C’est dans une ambiance particulière que nous entamons cette nouvelle année avec la rentrée automnale. Nous avons l’impression de tourner la page. Avec derrière nous l’autre monde, celui de la Covid, celui d’avant la Covid, l’ancien monde de nos impasses, de nos succès mitigés, de nos insatisfactions chroniques. Nous avons compris depuis longtemps que nos gloires passées ne sont pas garantes de réussites futures. Tout compte fait, nous sommes à pied d’œuvre pour faire du neuf, pour travailler mieux, pour produire davantage de satisfaction et de bonheur.
C’est dans cette perspective d’un chantier en relance que je m’interroge sur nos méthodes et nos habitudes profondes.
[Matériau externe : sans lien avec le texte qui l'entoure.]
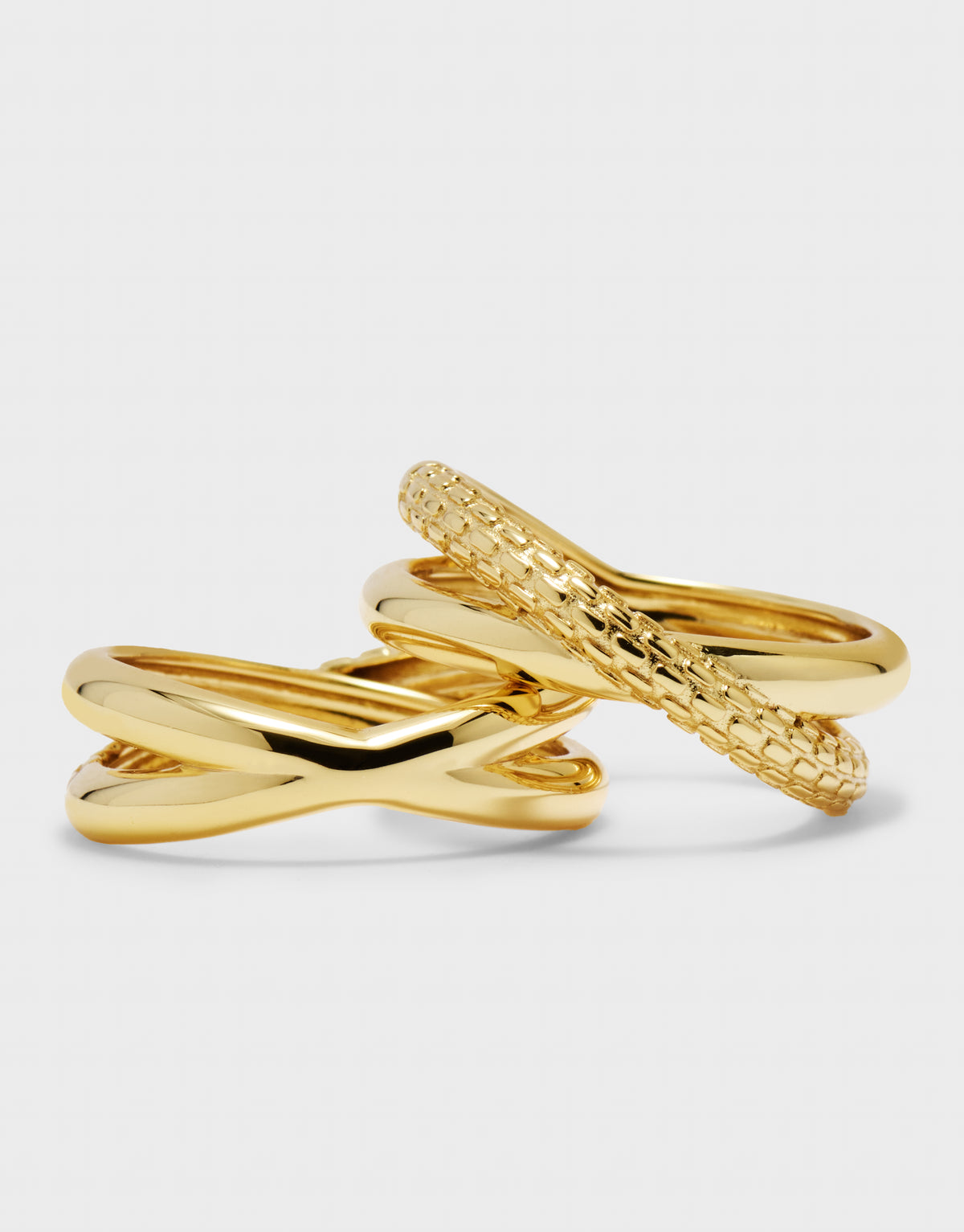 Two gold rings with different designs on a light gray background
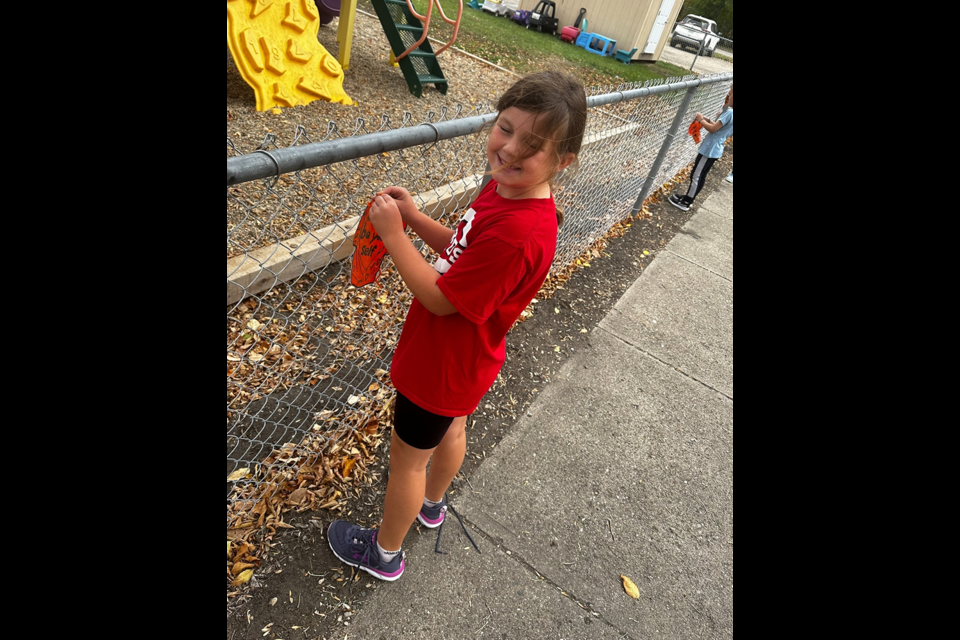 Mae McTavish was one of the students in the Grade 2/3 class at Canora Junior Elementary School who found their own voices to highlight the importance of Truth & Reconciliation on Sept. 30, said Alexandria Blatter, teacher.
“We hung orange t-shirts we made on our school fence to share with our community what truth and reconciliation means to us.” 
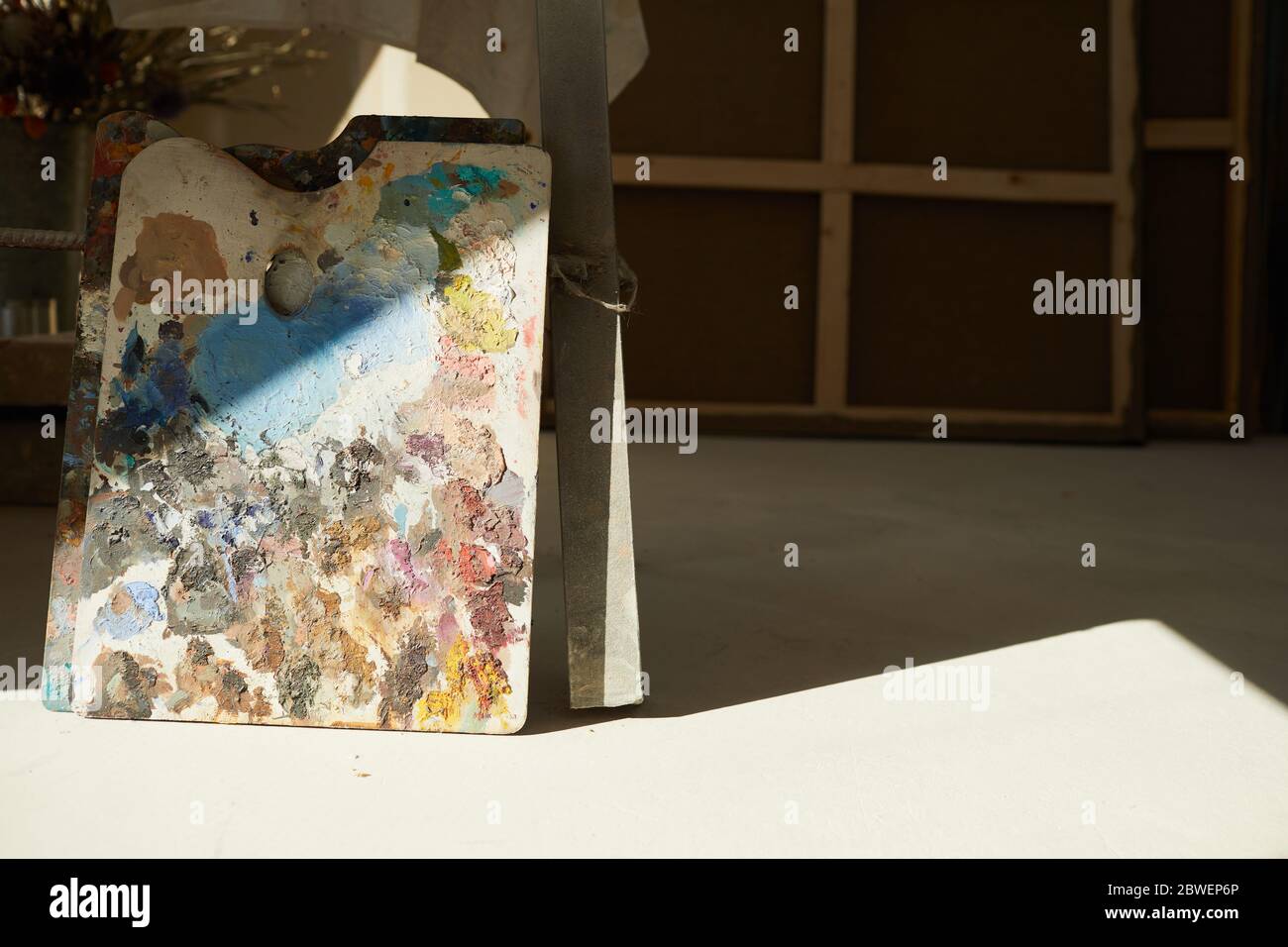 Background Image Of Colorful Artists Palette Lit By Sunlight In Empty Art Studio Interior Copy Space Stock Photo Alamy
On nous dit beaucoup que rien ne sera plus pareil, que nous avons la chance et le devoir de faire du neuf, de faire autrement tout au moins. Bien sûr, nous sommes en processus créatif depuis le commencement du monde, depuis, plus spécialement, que l’intelligence, le cœur et l’esprit humains sont à l’œuvre. Nous avons le mandat de créer depuis nos origines!
Mais, nous sommes un peu paresseux de nature, nous aimons bien marcher dans les sentiers battus, avancer sur notre erre d’aller, nous installer dans quelques bonnes habitudes. Surtout quand il nous faudrait fonctionner à plusieurs, nous entendre sur des conventions et protocoles, sur des façons de faire. Et roule alors la machine de la plus harmonieuse manière! Vogue la galère à bout de bras et de sueurs!
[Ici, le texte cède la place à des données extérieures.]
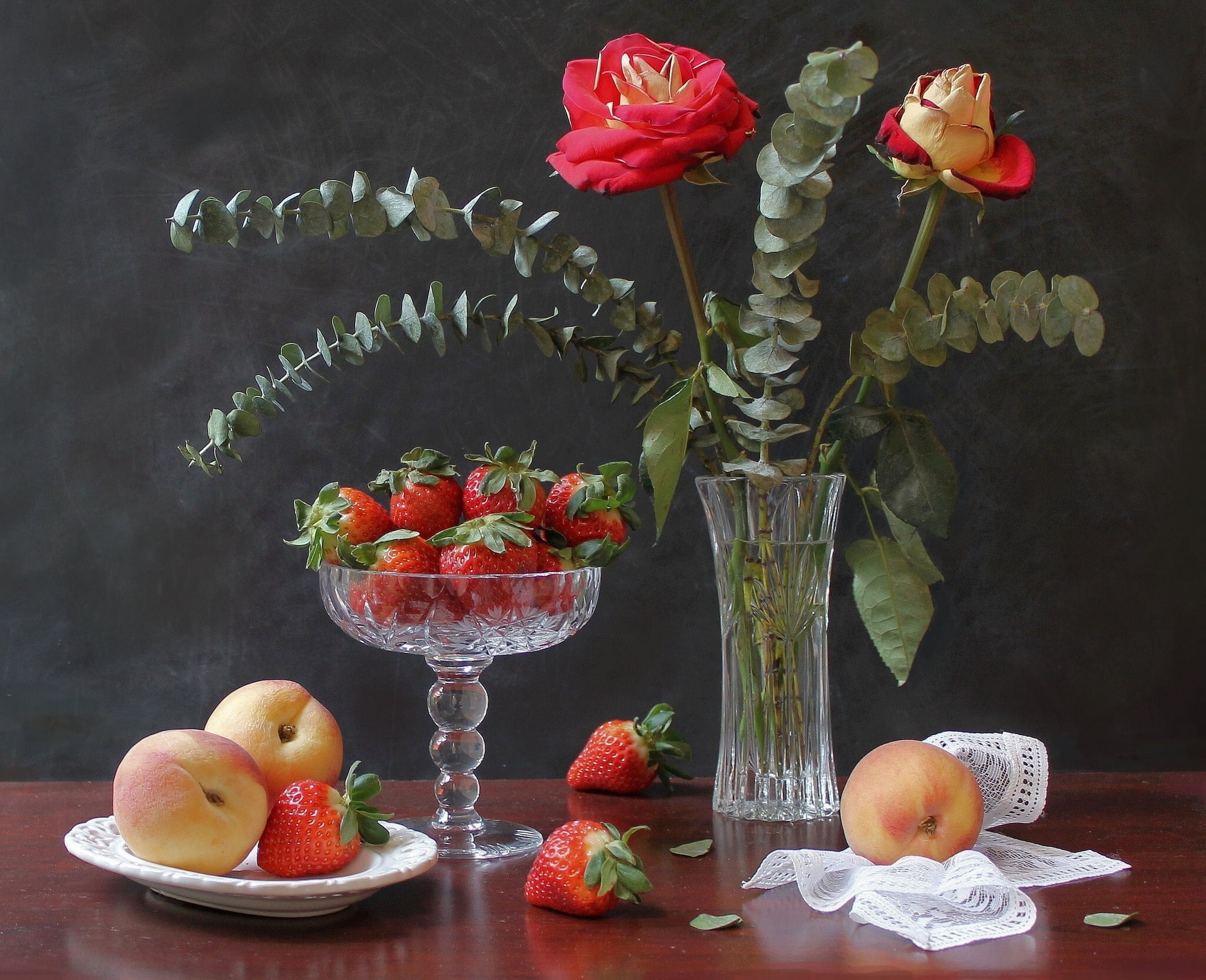 variety of fruits and plant with clear glass vases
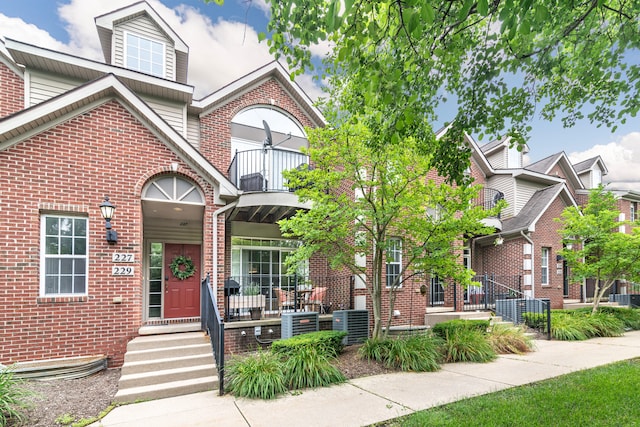 225 W Oakbrook Dr, Ann Arbor, MI 48103 - view of front facade with a balcony, brick siding, and a porch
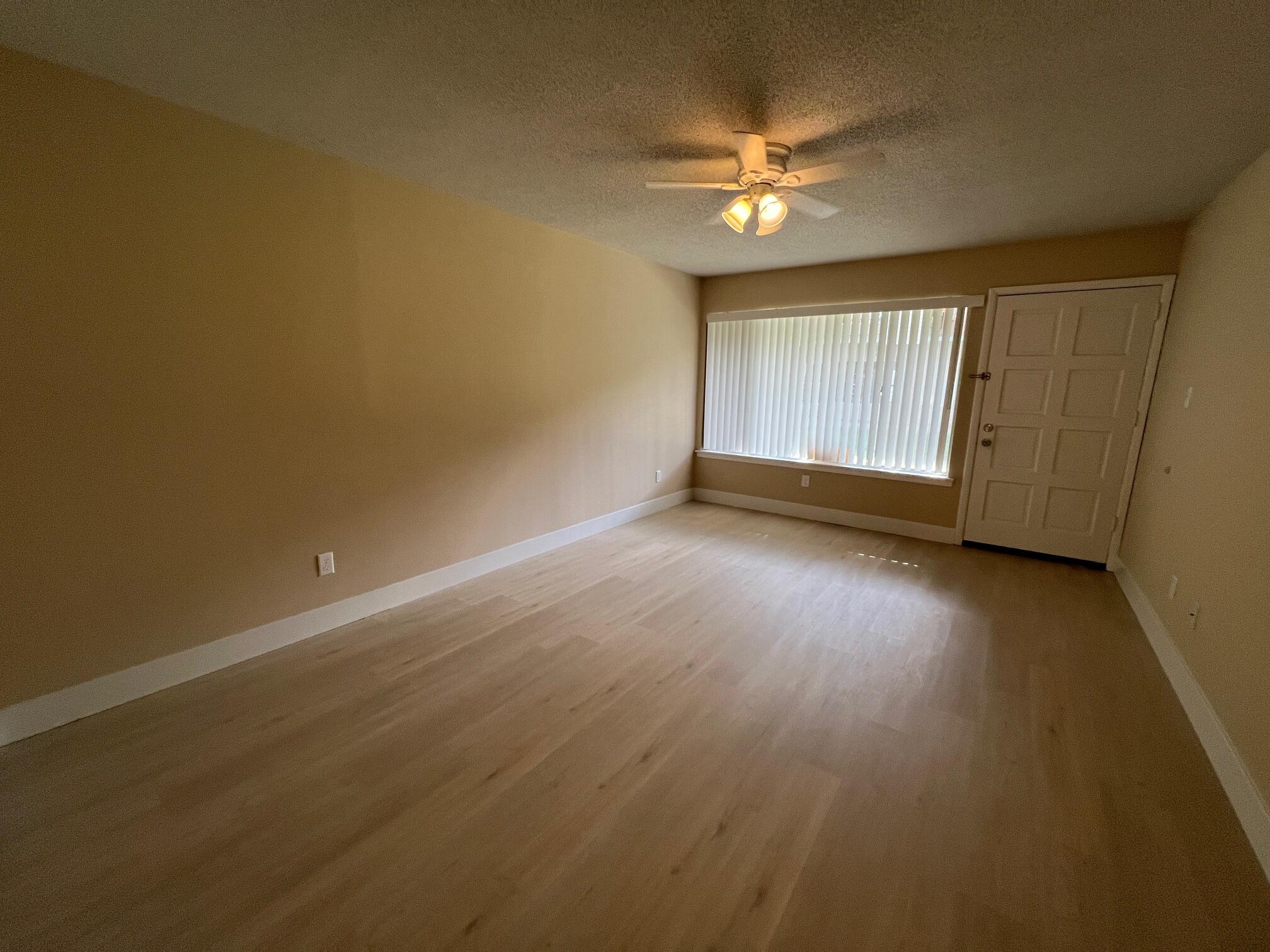 210 Pelham Road, Unit 105B Fort Walton Beach, FL 32547 - Photo 10 of 41 a view of an empty room with wooden floor and a window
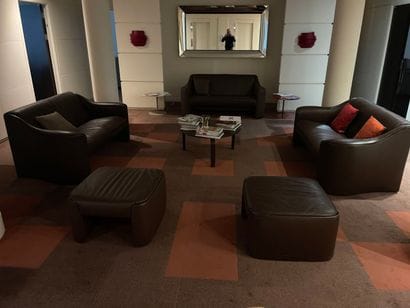 3 brown leather sofas
2 brown leather poufs
3...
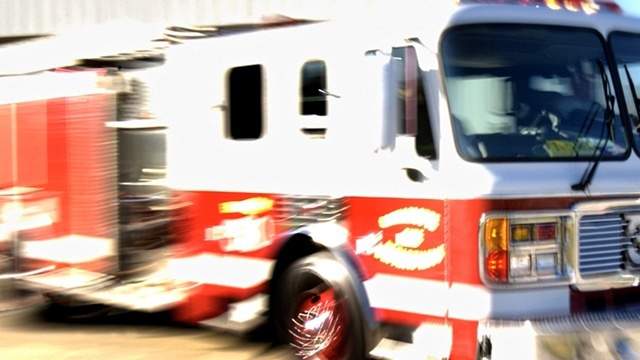 Woman escapes Shelby Township house fire, son dies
Mais alors, comment inventer? Comment réagir et faire du neuf? Comment faire autrement? Faudra-t-il toujours quelques besoins criants, quelques bonnes chicanes, quelques accidents de parcours, qui nous obligent, qui changent les repères, les paramètres, les algorithmes. Ou bien nous faudra-t-il quelque leader charismatique, quelque gourou illuminé… irrésistible? Ou bien faudra-t-il changer pour changer, succomber à la maladie du changement, de façon compulsive, impulsive? Et alors ce pourrait être l’aveugle qui risque de mal guider un autre aveugle. N’irions-nous pas tous les deux tomber dans un trou?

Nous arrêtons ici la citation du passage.